Japan Art History - AP Art History Japan
Topic 4: Japan
- The prehistoric origins of the Japanese people and culture remain somewhat mysterious, though artifacts, including some of the oldest pottery known, indicate a long history of human settlement in the islands of Japan. Early in the Common Era, the culture of Japan was transformed by extensive cultural borrowings from China, including the borrowing of a written language (a separate Japanese script developed alongside the adopted Chinese one). The historical period of Japanese culture begins in many ways with this period of cultural borrowing.

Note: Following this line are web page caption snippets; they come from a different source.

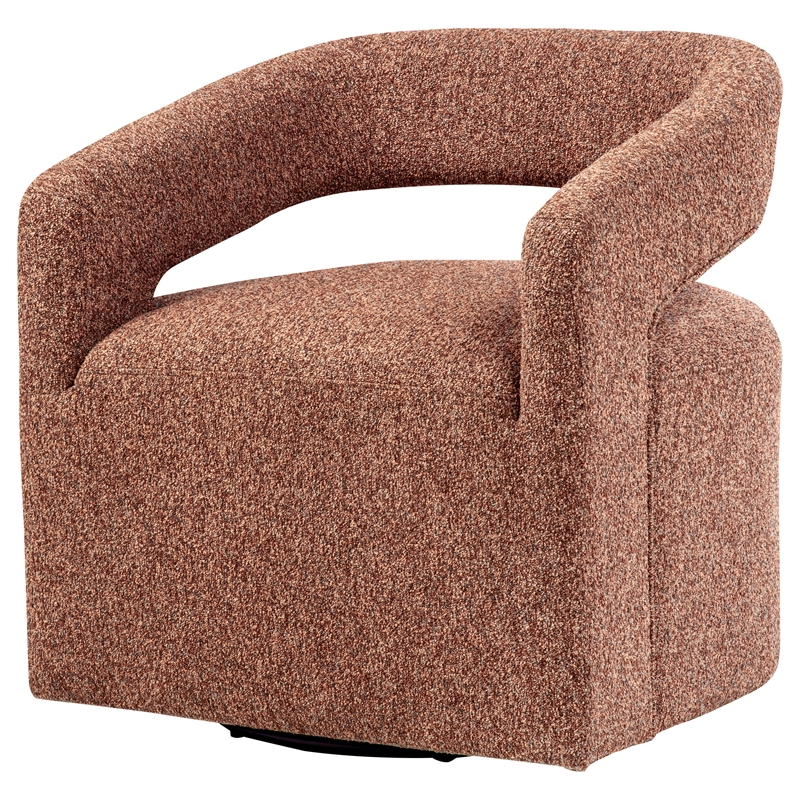 Pemberly Row Contemporary Fabric Swivel Accent Chair in Berry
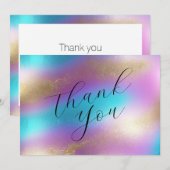 Iriserende regenboogglam bedankkaart (Voorkant / Achterkant)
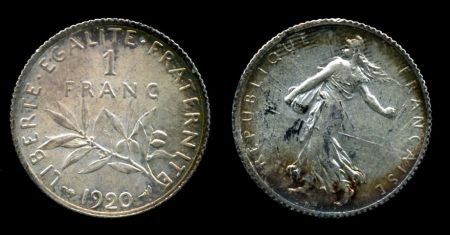 Франция 1920 г. KM# 844.1 • 1 франк • "Марианна"-сеятельница • серебро • регулярный выпуск • MS BU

- Confucian culture and beliefs entered Japan via China, as did Buddhism at a somewhat later period. These belief systems co-existed alongside Shintoism, the native Japanese religion which featured strong animistic and shamanistic elements, possibly of Central or North Asian origin (Korean arts and culture possibly reflect even stronger influences of this nature). Shintoist holy sites and rituals would remain important; in particular, Shintoism was tied to the cult of the Imperial family as beings of divine origin.
- Due to these extensive cultural borrowings, Japanese art and architecture developed in close relation to Chinese forms and often strongly resemble them. Buddhist art and architecture show an especially strong Chinese influence. Japanese arts and literature flourished during the Heian period, between. Later eras saw the decline of imperial power and the rise first of provincial nobles, then of the shoguns, military leaders who essentially ruled in the emperor's place. During the period of shogun rule, Japan cut itself off from the outside world after an initial period of contact with western powers drawn to East Asia by its wealth.
- Characteristic Japanese art forms include the pictorial scrolls known as emakimono, which combined words and images in dynamic narratives, the arts of the tea ceremony, which developed out of Zen (from the Chinese term Ch'an) Buddhism. Perhaps the most influential genre of Japanese art was ukiyo-e - "paintings of the floating world". The "floating world" referred to the urban demi-monde of performers and courtesans. Many "floating world" images were not paintings but woodblock prints. These prints later reached the west and had a profound effect on Western artists, who were fascinated by Japanese artists' use of color and perspective, and their sophisticated approach to composition. At the same time, some of the most famous graphic artists of Japan, such as Hokusai, began to incorporate Western influences into their work.